L'arrêt de la Haute juridiction administrative précise :

"2. Considérant, en premier lieu, qu'aux termes de l'article L. 514-6 du code de l'environnement relatif au contentieux des installations classées pour la protection de l'environnement, dans sa rédaction en vigueur à la date de l'arrêté litigieux : " Les décisions prises en application des articles L. 512-1 (...) sont soumises à un contentieux de pleine juridiction. Elles peuvent être déférées à la juridiction administrative : (...) / 2° Par les tiers, personnes physiques ou morales, les communes intéressées ou leurs groupements, en raison des inconvénients ou des dangers que le fonctionnement de l'installation présente pour les intérêts visés à l'article L. 511-1 (...) " ; qu'au sens de ces dispositions, un établissement commercial ne peut se voir reconnaître la qualité de tiers recevable à contester devant le juge une autorisation d'exploiter une installation classée pour la protection de l'environnement délivrée à une entreprise, fut-elle concurrente, que dans les cas où les inconvénients ou les dangers que le fonctionnement de l'installation classée présente pour les intérêts visés à l'article L. 511-1 sont de nature à affecter par eux-mêmes les conditions d'exploitation de cet établissement commercial ; qu'il appartient à ce titre au juge administratif de vérifier si l'établissement justifie d'un intérêt suffisamment direct lui donnant qualité pour demander l'annulation de l'autorisation en cause, compte tenu des inconvénients et dangers que présente pour lui l'installation classée, appréciés notamment en fonction de ses conditions de fonctionnement, de la situation des personnes qui le fréquentent ainsi que de la configuration des lieux ;"

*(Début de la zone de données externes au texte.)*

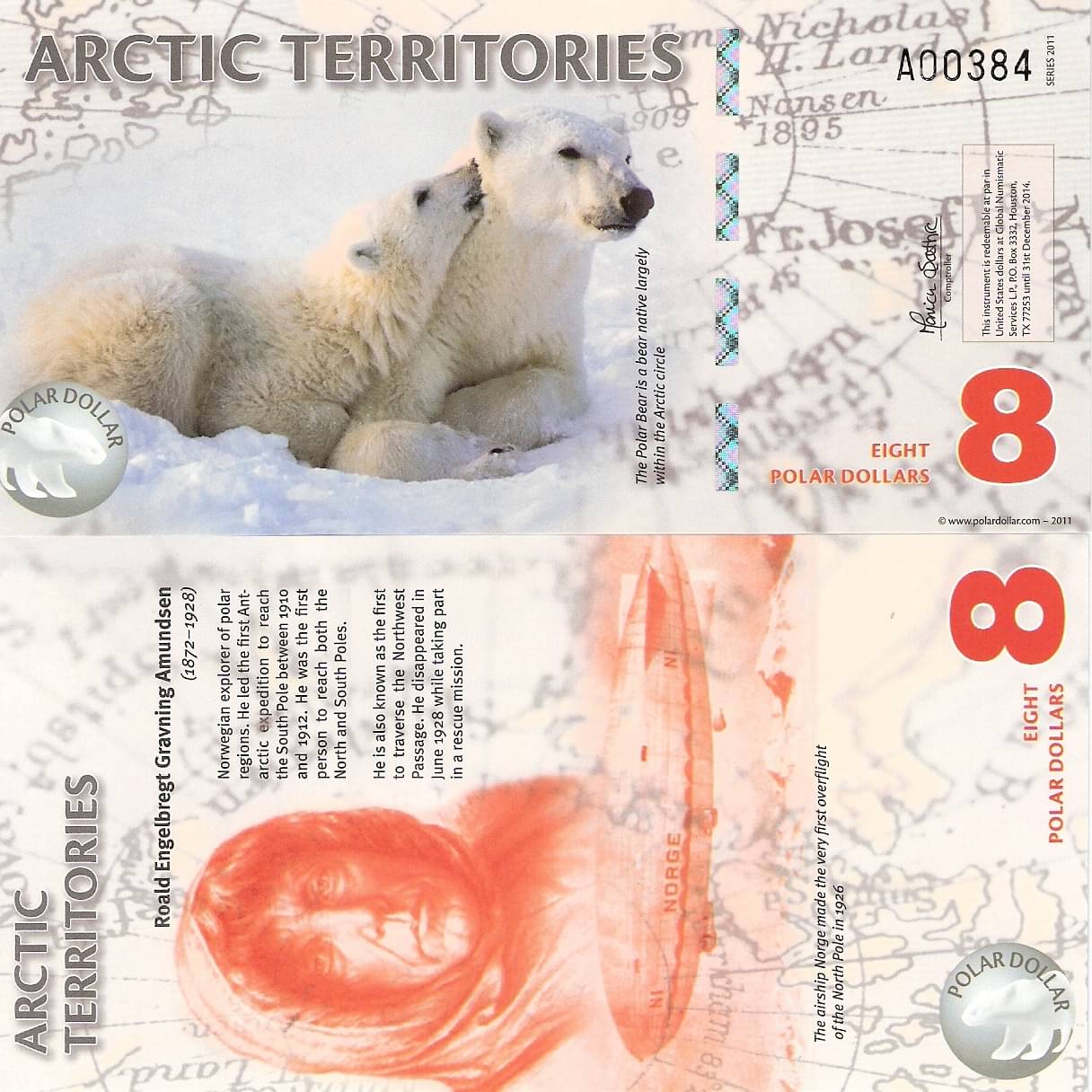 Extremely Rare Arctic Territories 8 Polar Dollars Polymer Fantasy Note Top Grade Gem UNC Extremely Rare Arctic Territories 8 Polar Dollars Polymer Fantasy Note Top Grade Gem UNC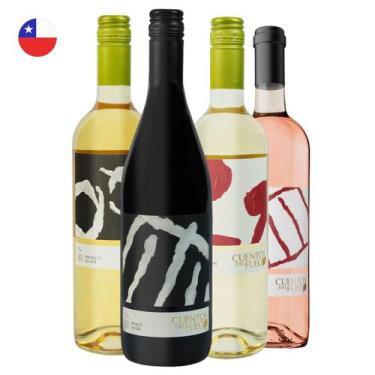 Imagem de Kit 4 Vinhos Chilenos Pinot Noir Rosé Carmenere Sauvignon Blanc e Bran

Il convent de souligner qu'était ici en cause la recevabilité du recours exercé, non par une personne physique mais une personne morale. Le Conseil d'Etat juge que le recours exercé par cette personne morale ne peut être recevable au motif qu'elle agit en qualité de concurrente de celle qui est bénéficiaire de l'autorisation attaquée. Le recours contre l'autorisation ICPE ne peut donc servir à régler un problème concurrentiel. L'objet de la police des ICPE est distinct de celui du droit de la concurrence.

En réalité, la société requérante doit démontrer que inconvénients ou les dangers que le fonctionnement de l'installation classée présente pour les intérêts visés à l'article L. 511-1 sont de nature à affecter par eux-mêmes ses propres conditions d'exploitation. Elle doit donc rapporter la preuve, d'une part de l'atteinte aux intérêts visés à l'article L.511-1 du code de l'environnement, d'autre part de la perturbation de sa propre activité. 

Cette preuve sera parfois délicate à rapporter. Lorsque le requérant exerce la même activité que  le bénéficiaire de l'autorisation litigieuse, il sera peu aisé d'écrire dans un recours que ladite activité présenter des dangers ou inconvénients pour les intérêts ou inconvénients visés à l'article L.511-1 du code de l'environnement : protection de l'environnement et la santé publique.

Certes le pouvoir réglementaire puis le Juge oeuvrent ainsi à prévenir les recours dont l'objet est étranger au code de l'environnement. Pour autant cette solution présente elle-même des inconvénients.

En effet, le concurrent qui ne pourra plus agir directement - parfois même avec de bonnes raisons - contre l'autorisation d'exploiter ICPE - pourra tenter de le faire, non plus directement mais par personne interposée. Il est un secret de polichinelle que certaines entreprises attaquent ainsi les projets de concurrents en encourageant ou en proposant à des personnes privées, dont l'intérêt à agir est certain, de le faire, parfois à leur place.

Cette solution qui consiste à évaluer plus sévèrement l'intérêt à agir de l'auteur du recours contre une autorisation d'exploiter ICPE ne dispense donc pas d'une réflexion plus globale sur les conditions d'accès au Juge.

Le rapport de la mission confiée à Daniel Labetoulle par la Ministre de l'Egalité des territoires et du Logement devrait y contribuer.